Translational Applications of Medical Image Analysis: 3-D Retinal OCT

Accurate and reliable image segmentation is of paramount importance in medical image analysis. In ophthalmology, translational applications of medical imaging were – until recently – limited to 2D analyses of fundus photographs. With a fast-growing routine clinical use of 3-D imaging modalities like optical coherence tomography (OCT), ophthalmologists (same as radiologists decades ago) are faced with ever-increasing amounts of image data to analyze and quantitative outcomes of such analyses are growing in importance. Yet, daily interpretation of clinical ophthalmic OCT images is still typically performed visually and qualitatively, with quantitative clinical analysis being an exception rather than the norm. Since performing full OCT image segmentations in 3D is infeasible for a physician in clinical setting due to the time constraints, quantitative and highly automated analysis methods must be developed. Our approach to simultaneous segmentation of multiple interacting surfaces appearing in the context of other interacting objects will be presented. The reported methods are part of the family of graph-based image segmentation methods dubbed LOGISMOS for Layered Optimal Graph Image Segmentation of Multiple Objects and Surfaces. This family of methods guarantees solution optimality with direct applicability to n-D problems. The presentation will focus on a broad set of ophthalmic OCT image analysis tools developed at the Iowa Institute for biomedical Imaging at the University of Iowa and employed in translational research when analyzing image data from patients with glaucoma, age-related macular degeneration, diabetic macular edema, and other vision impairing and/or blinding diseases.

Milan Sonka received his Ph.D. degree in 1983 from the Czech Technical University in Prague, Czech Republic. He is Professor and Chair of the Department of Electrical & Computer Engineering, Professor of Ophthalmology & Visual Sciences, and Radiation Oncology at the University of Iowa, Director of the Iowa Institute for Biomedical Imaging, IEEE Fellow, and AIMBE Fellow. His research interests include medical imaging and knowledge-based image analysis with emphasis on cardiovascular, pulmonary, orthopedic, cancer, and ophthalmic image analysis.

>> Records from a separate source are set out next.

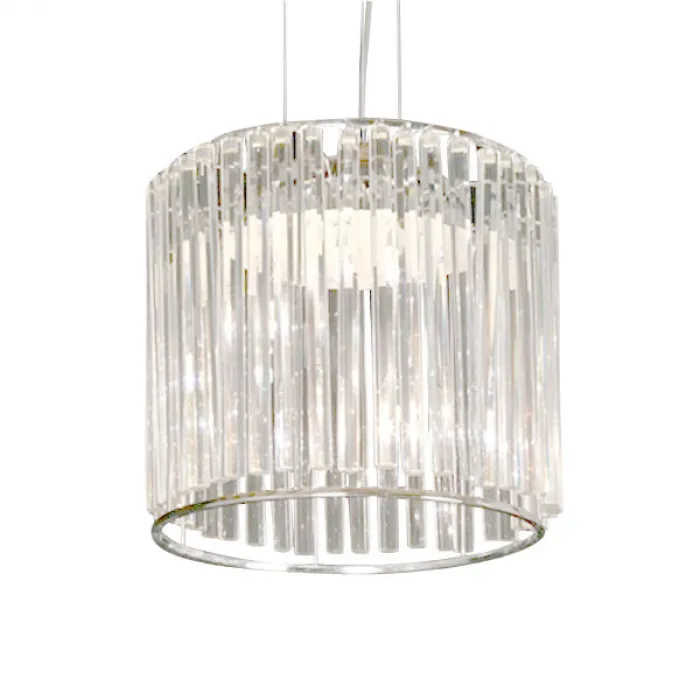 Подвесной светильник DeLight Collection Crystal KR371 transparent от ImperiumLoft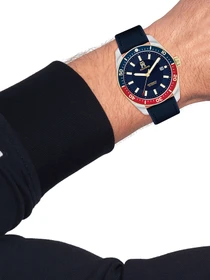 Часы Tommy Hilfiger модель 1792141 Фото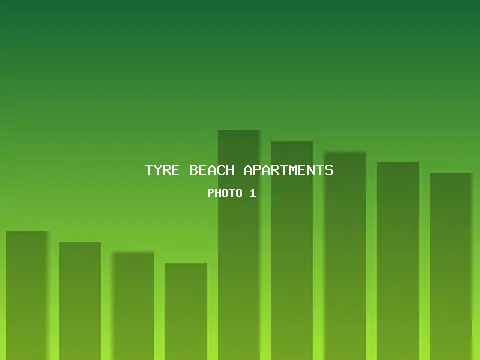 Tyre Beach Apartments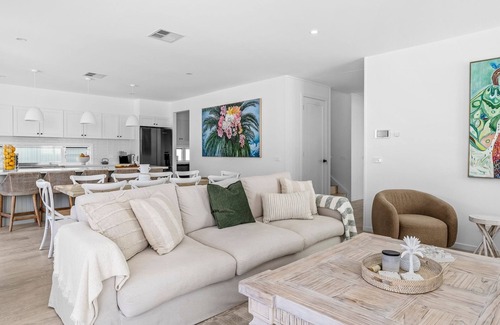 Shoalhaven Heads Casa | Welcome to Sandy Bottoms!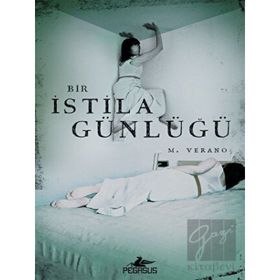 Bir İstila Günlüğü Pegasus Yayınları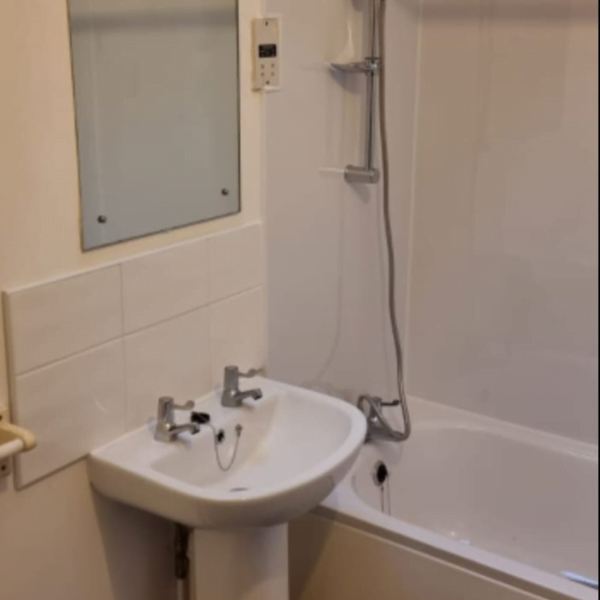 social housing
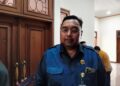 Ketua Komisi C DPRD Pati Usulkan Pengawas Eksternal Demi Kualitas Proyek Jalan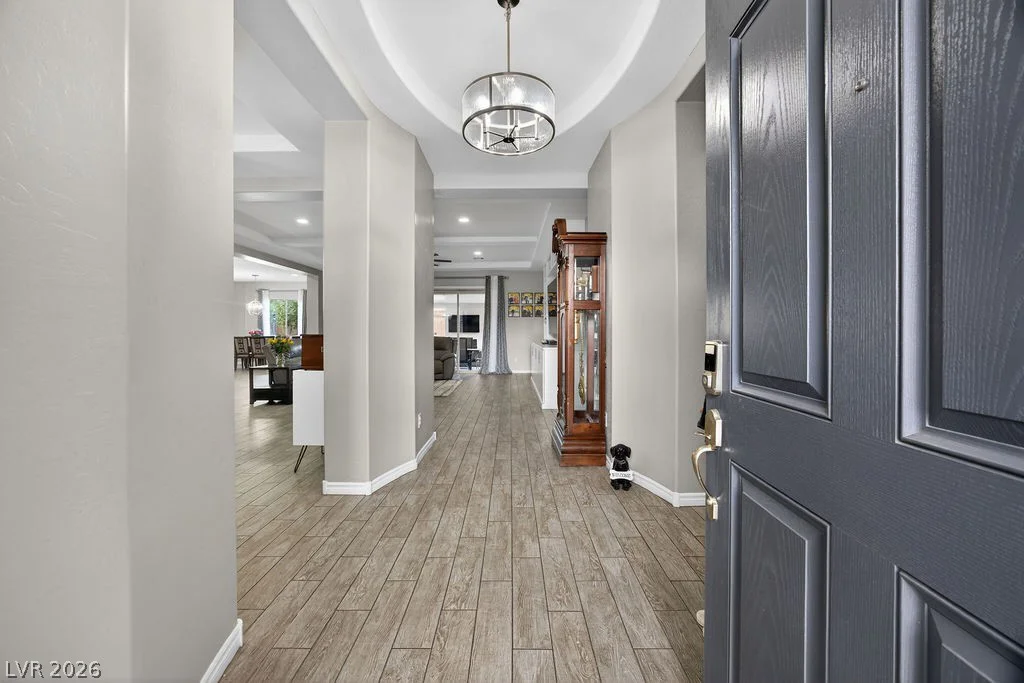 9778 Mosaic Canyon, Las Vegas, NV 89149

He is the first author of 3 editions of Image Processing, Analysis and Machine Vision book (1993, 1998, 2008) and co-authored or co-edited 19 books/proceedings. He has published more than 120 journal papers and over 340 other publications. He is Editor in Chief of the IEEE Transactions on Medical Imaging and member of the Editorial Board of the Medical Image Analysis journal. To bring results of his research work to clinical practice, he has co-founded two medical image analysis companies -- Medical Imaging Applications LLC, and VIDA Diagnostics Inc.